(Caption-style text data)
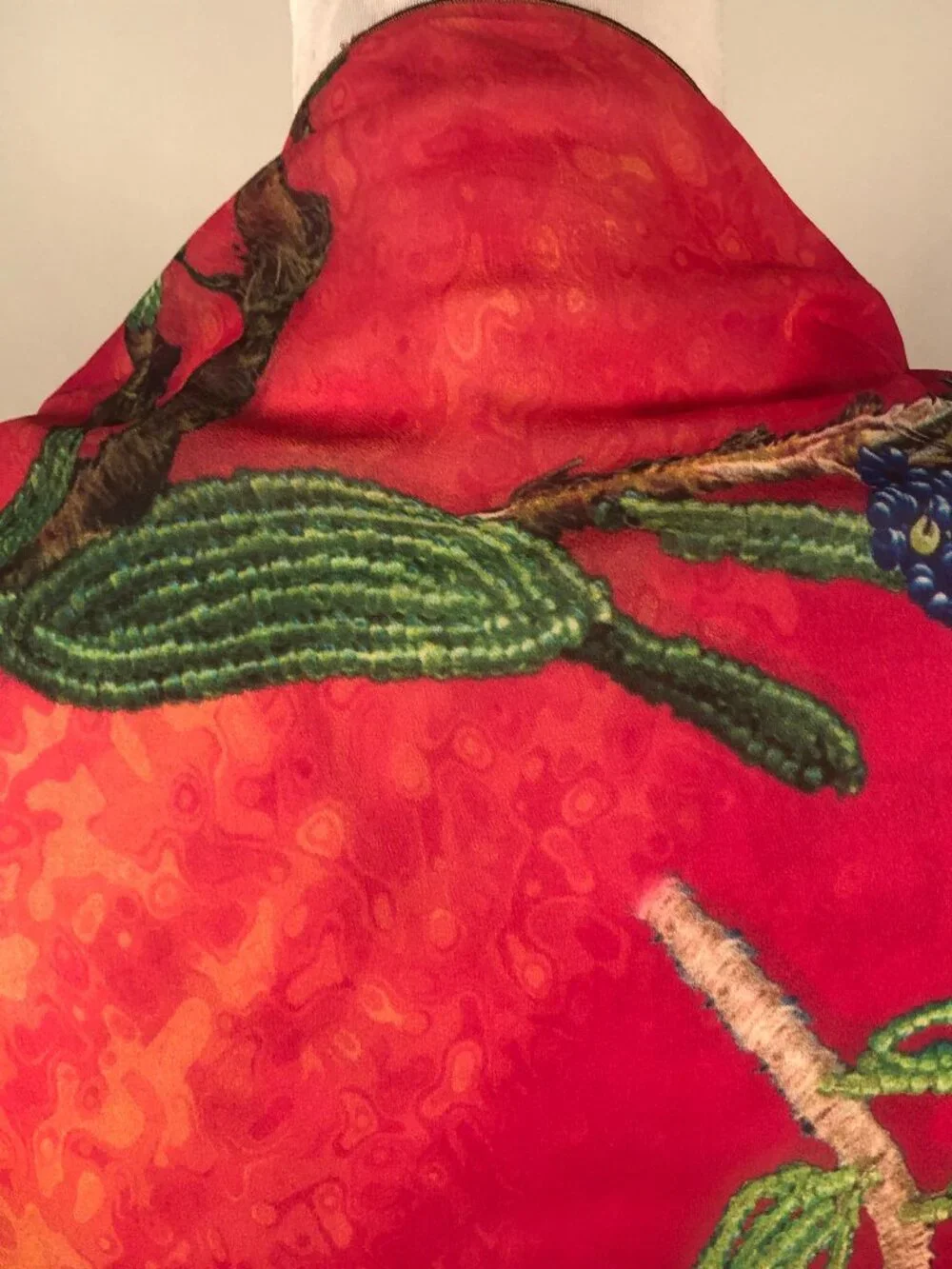 Vintage Signed Wearable Art Chiffon Scarf – Cherry Red Botanical Art Scarf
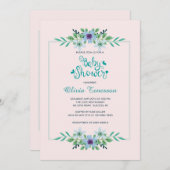 ベビーシャワーフローラ招待状 招待状 (正面/裏面)
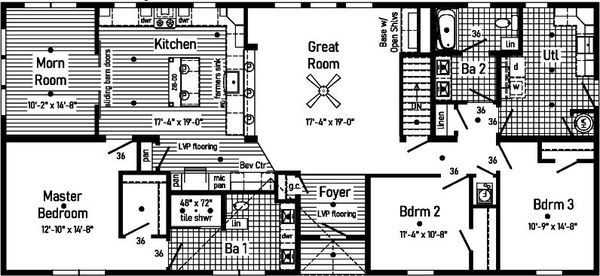 Pennwest classique ranch 2p2050-x floor plan home features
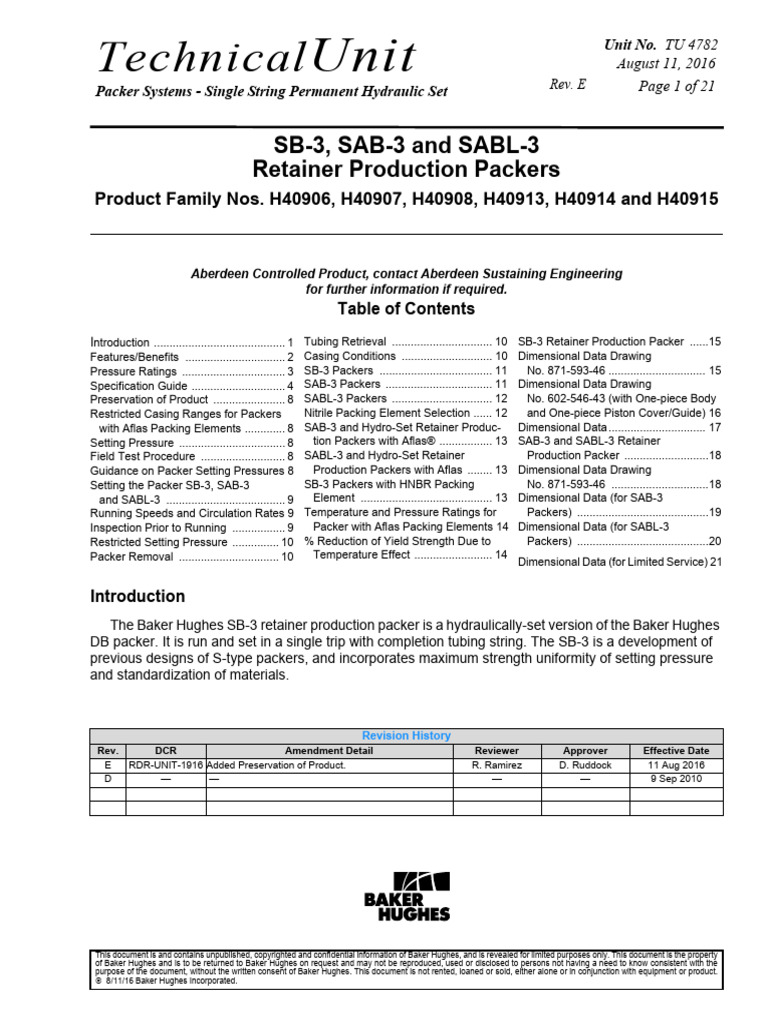 Baker Hughes SB-3 Retainer Packer Guide | PDF | Mechanical Engineering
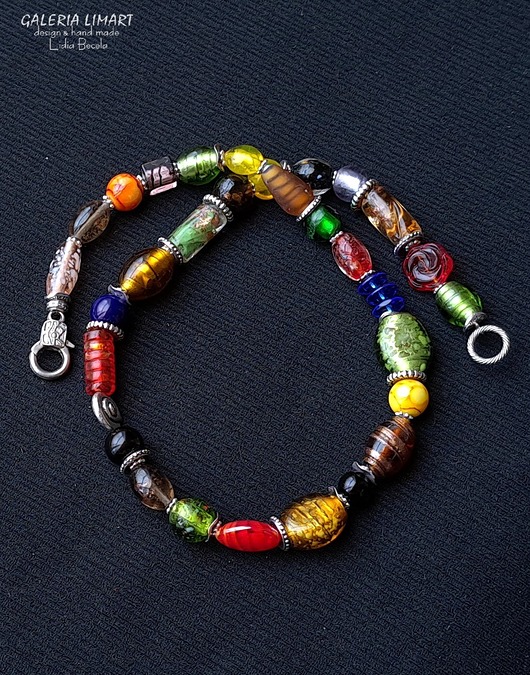 korale Vintage style elegancki naszyjnik ze szkła weneckiego multicolor Prezent lux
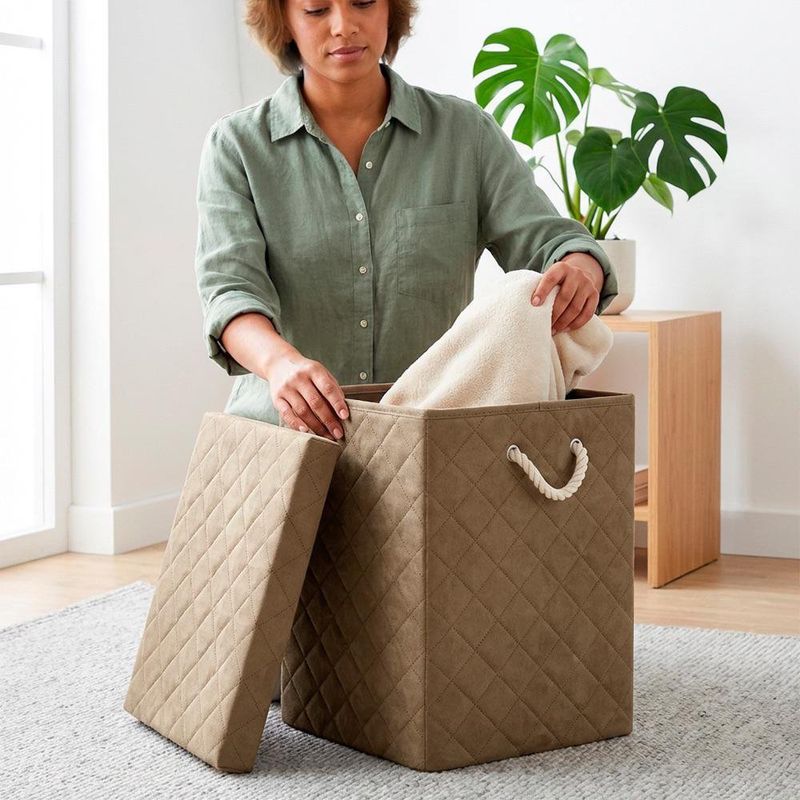 Cesta para Ropa Rectangular con Tapa Tela Acolchada Color Beige Mediana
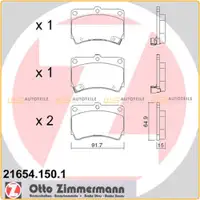 ZIMMERMANN Bremsbel&auml;ge Bremskl&ouml;tze f&uuml;r Kia Rio (DC) Mazda 121 II 323 Demio vorne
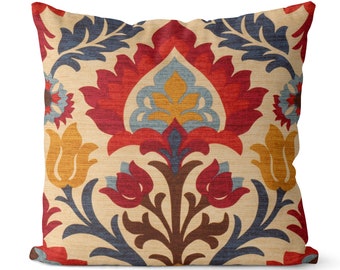 Housse de coussin damassé // Housse de coussin floral coloré // Housse de coussin mexicain // Housse de coussin Boho moderne // Talavera Design // 111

ACTIVITY: For every entry above, write it out exactly and remove any image.

SOLUTION TO THIS PROBLEM:
 Vintage Signed Wearable Art Chiffon Scarf – Cherry Red Botanical Art Scarf
 ベビーシャワーフローラ招待状 招待状 (正面/裏面)
 Pennwest classique ranch 2p2050-x floor plan home features
 Baker Hughes SB-3 Retainer Packer Guide | PDF | Mechanical Engineering
 korale Vintage style elegancki naszyjnik ze szkła weneckiego multicolor Prezent lux
 Cesta para Ropa Rectangular con Tapa Tela Acolchada Color Beige Mediana
 ZIMMERMANN Bremsbel&auml;ge Bremskl&ouml;tze f&uuml;r Kia Rio (DC) Mazda 121 II 323 Demio vorne
 Housse de coussin damassé // Housse de coussin floral coloré // Housse de coussin mexicain // Housse de coussin Boho moderne // Talavera Design // 111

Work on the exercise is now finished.